**Exercise brief:** Which lines run from the line with "If you sprint, vault, or" through the line with "We have two" in the entries below? Print them exactly, both ends included, and nothing more.

**Data shown:**
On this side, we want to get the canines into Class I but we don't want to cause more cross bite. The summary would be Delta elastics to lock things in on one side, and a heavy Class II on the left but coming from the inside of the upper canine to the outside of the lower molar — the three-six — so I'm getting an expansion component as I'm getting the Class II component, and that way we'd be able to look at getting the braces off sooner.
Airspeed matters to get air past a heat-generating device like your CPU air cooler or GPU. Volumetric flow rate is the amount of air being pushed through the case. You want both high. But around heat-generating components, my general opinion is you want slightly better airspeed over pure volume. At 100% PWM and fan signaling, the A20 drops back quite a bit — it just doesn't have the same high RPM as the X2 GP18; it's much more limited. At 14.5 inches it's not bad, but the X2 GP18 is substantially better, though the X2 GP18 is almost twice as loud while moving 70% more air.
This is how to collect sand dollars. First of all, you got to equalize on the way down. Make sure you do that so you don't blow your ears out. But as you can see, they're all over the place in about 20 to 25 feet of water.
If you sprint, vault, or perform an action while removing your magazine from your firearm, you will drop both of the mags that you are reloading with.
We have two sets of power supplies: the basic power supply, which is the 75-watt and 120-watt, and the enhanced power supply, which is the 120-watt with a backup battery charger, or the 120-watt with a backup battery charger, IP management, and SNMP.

--

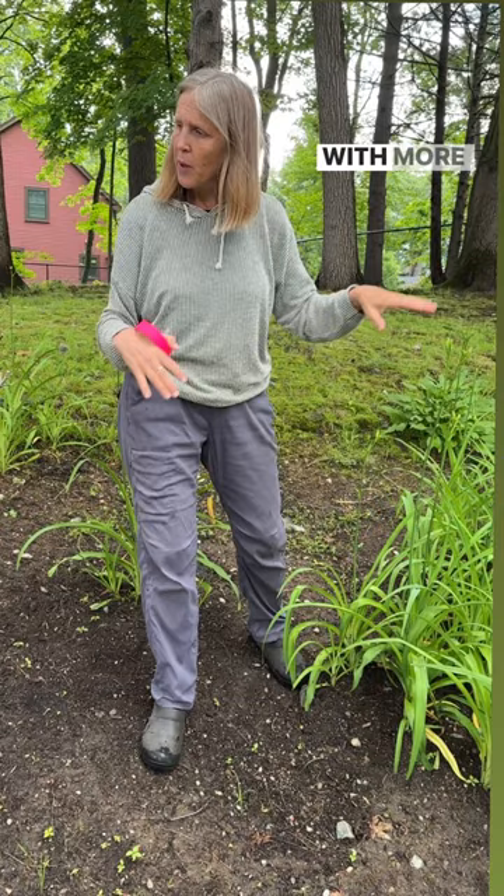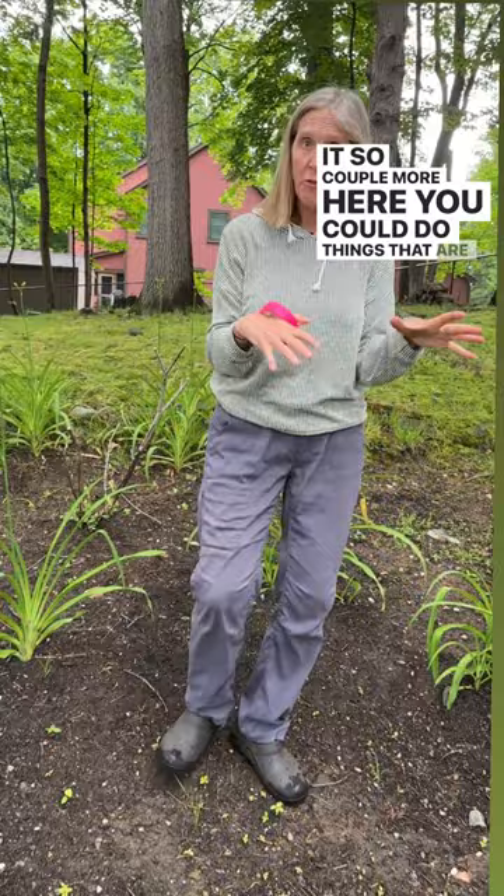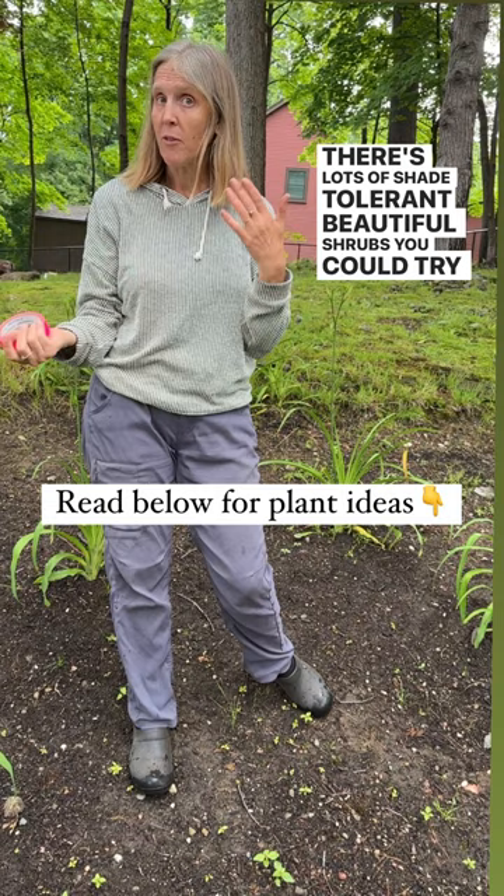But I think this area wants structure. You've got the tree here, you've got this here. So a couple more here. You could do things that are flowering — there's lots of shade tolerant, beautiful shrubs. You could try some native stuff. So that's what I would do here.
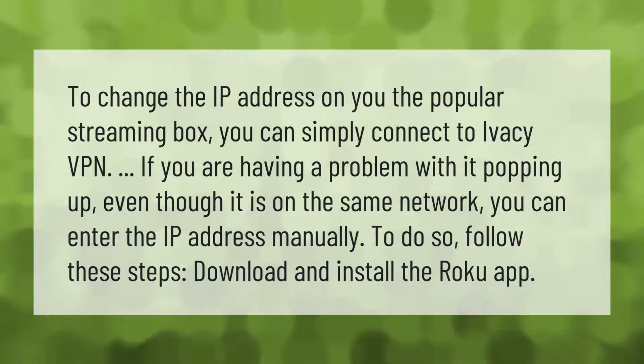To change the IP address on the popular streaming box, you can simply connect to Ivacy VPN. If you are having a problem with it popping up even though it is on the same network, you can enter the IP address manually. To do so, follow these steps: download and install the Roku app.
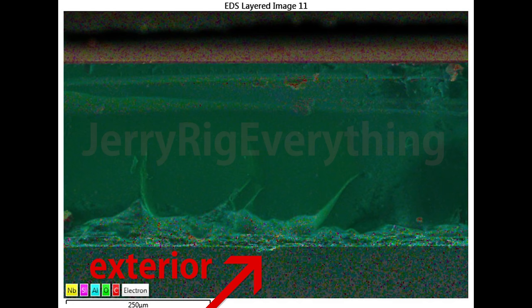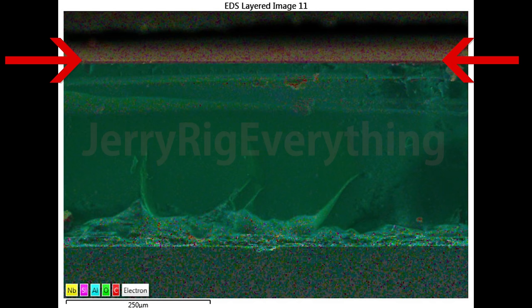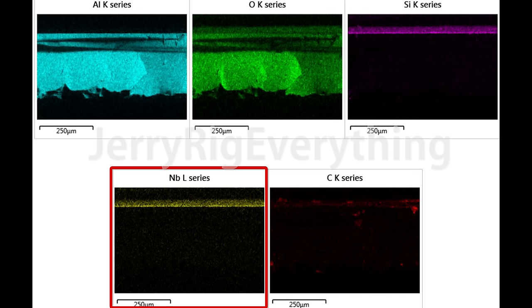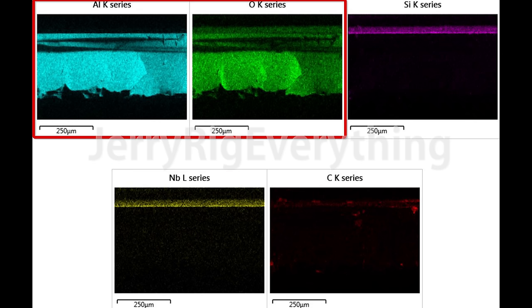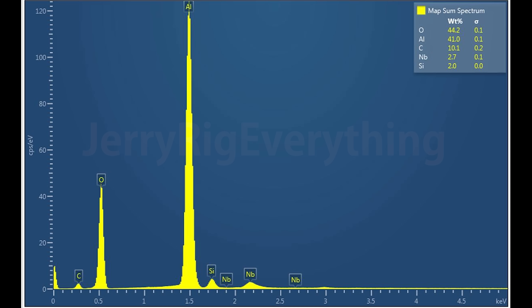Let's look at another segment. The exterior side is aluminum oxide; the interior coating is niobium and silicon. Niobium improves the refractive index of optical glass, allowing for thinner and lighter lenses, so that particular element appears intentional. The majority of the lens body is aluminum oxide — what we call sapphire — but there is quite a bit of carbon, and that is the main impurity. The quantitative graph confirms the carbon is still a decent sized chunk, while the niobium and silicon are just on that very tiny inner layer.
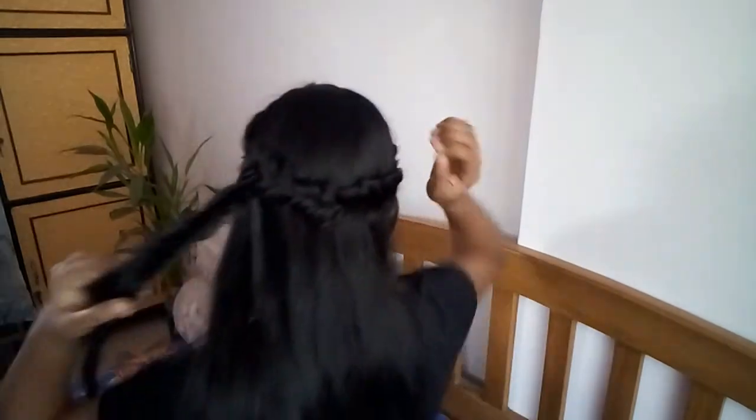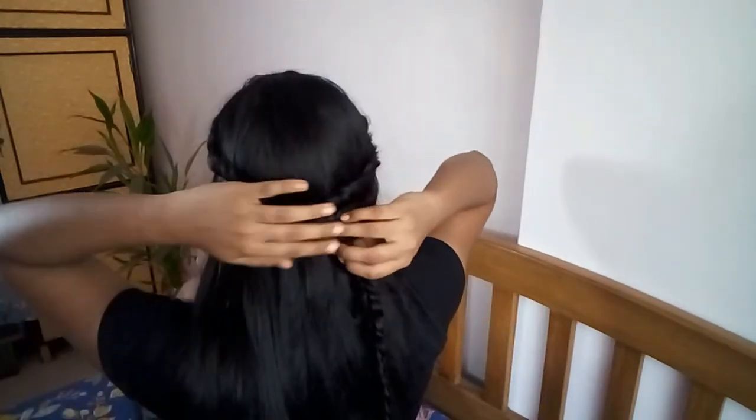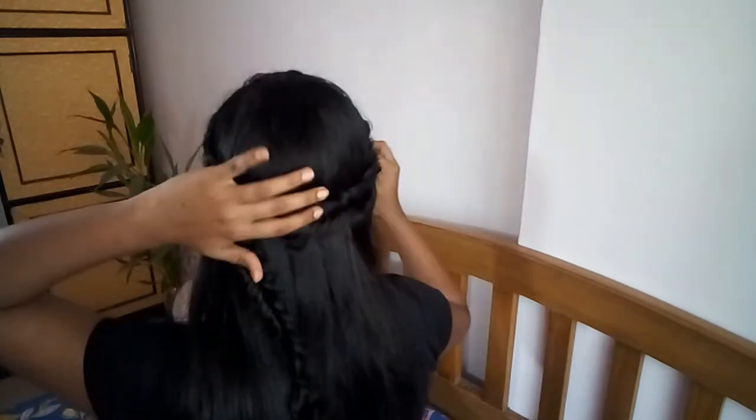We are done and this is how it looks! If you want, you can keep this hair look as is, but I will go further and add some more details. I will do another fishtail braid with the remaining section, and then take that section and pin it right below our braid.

**Response for this exercise:**
If you sprint, vault, or perform an action while removing your magazine from your firearm, you will drop both of the mags that you are reloading with.
We have two sets of power supplies: the basic power supply, which is the 75-watt and 120-watt, and the enhanced power supply, which is the 120-watt with a backup battery charger, or the 120-watt with a backup battery charger, IP management, and SNMP.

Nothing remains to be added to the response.